• **DATA SHOWN**:

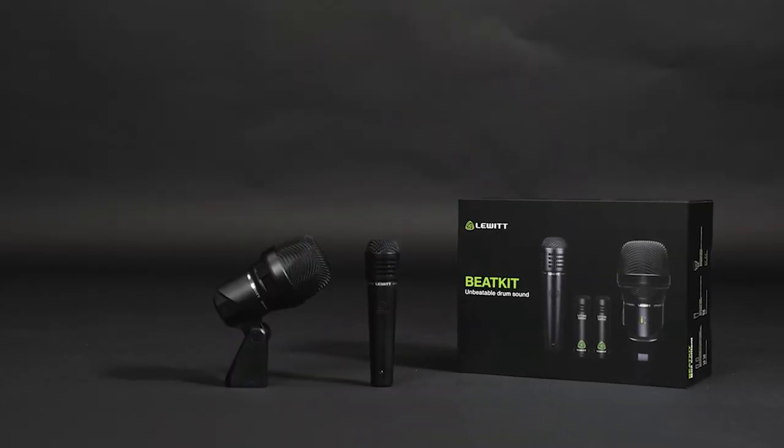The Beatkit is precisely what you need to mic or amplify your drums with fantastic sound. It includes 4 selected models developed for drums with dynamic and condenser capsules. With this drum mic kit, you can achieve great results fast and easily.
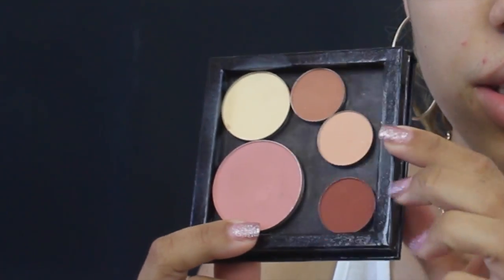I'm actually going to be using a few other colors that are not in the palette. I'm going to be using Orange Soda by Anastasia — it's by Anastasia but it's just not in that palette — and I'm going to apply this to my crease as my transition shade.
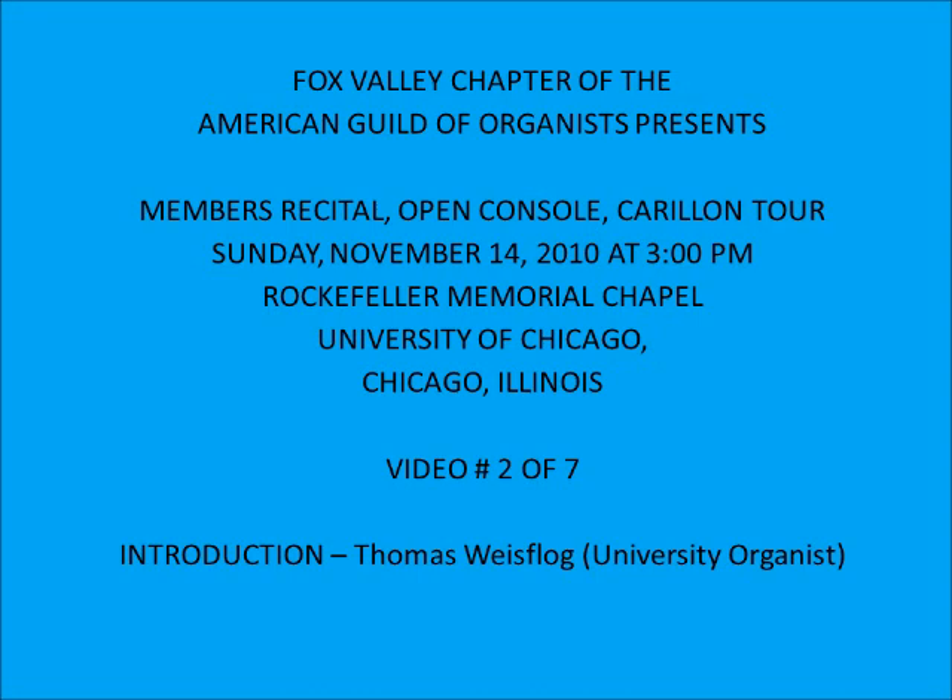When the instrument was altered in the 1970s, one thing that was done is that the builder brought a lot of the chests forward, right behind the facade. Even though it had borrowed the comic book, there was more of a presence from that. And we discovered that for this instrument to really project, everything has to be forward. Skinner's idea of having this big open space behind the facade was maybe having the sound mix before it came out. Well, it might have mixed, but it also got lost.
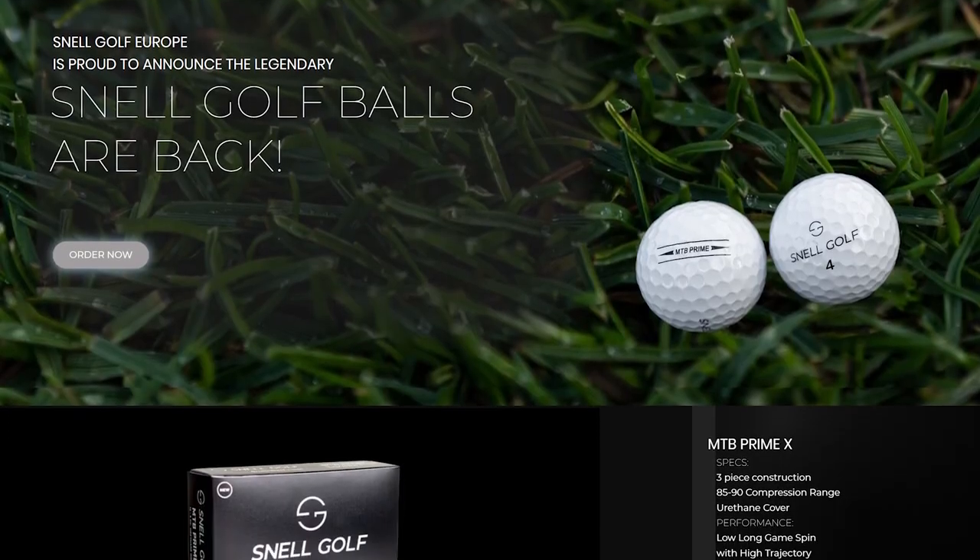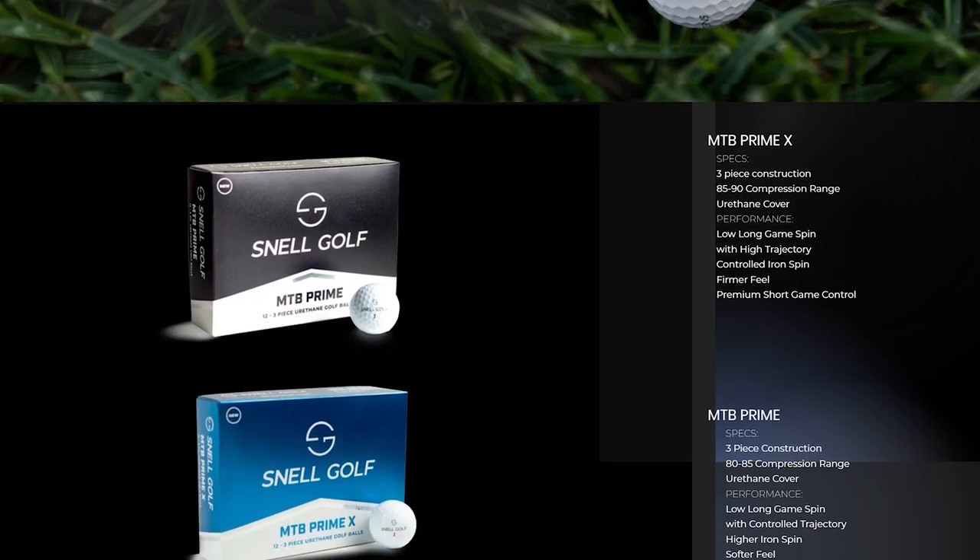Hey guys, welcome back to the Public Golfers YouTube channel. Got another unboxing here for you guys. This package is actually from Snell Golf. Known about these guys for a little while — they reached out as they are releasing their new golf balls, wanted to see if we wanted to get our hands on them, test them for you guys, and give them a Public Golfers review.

• **EXERCISE OBJECTIVE**:
Beginning with the line where "I'm actually going" appears, reproduce every remaining line of the listing above, the last one included, but none of the pictures.

• **YOUR RESPONSE**:
I'm actually going to be using a few other colors that are not in the palette. I'm going to be using Orange Soda by Anastasia — it's by Anastasia but it's just not in that palette — and I'm going to apply this to my crease as my transition shade.
When the instrument was altered in the 1970s, one thing that was done is that the builder brought a lot of the chests forward, right behind the facade. Even though it had borrowed the comic book, there was more of a presence from that. And we discovered that for this instrument to really project, everything has to be forward. Skinner's idea of having this big open space behind the facade was maybe having the sound mix before it came out. Well, it might have mixed, but it also got lost.
Hey guys, welcome back to the Public Golfers YouTube channel. Got another unboxing here for you guys. This package is actually from Snell Golf. Known about these guys for a little while — they reached out as they are releasing their new golf balls, wanted to see if we wanted to get our hands on them, test them for you guys, and give them a Public Golfers review.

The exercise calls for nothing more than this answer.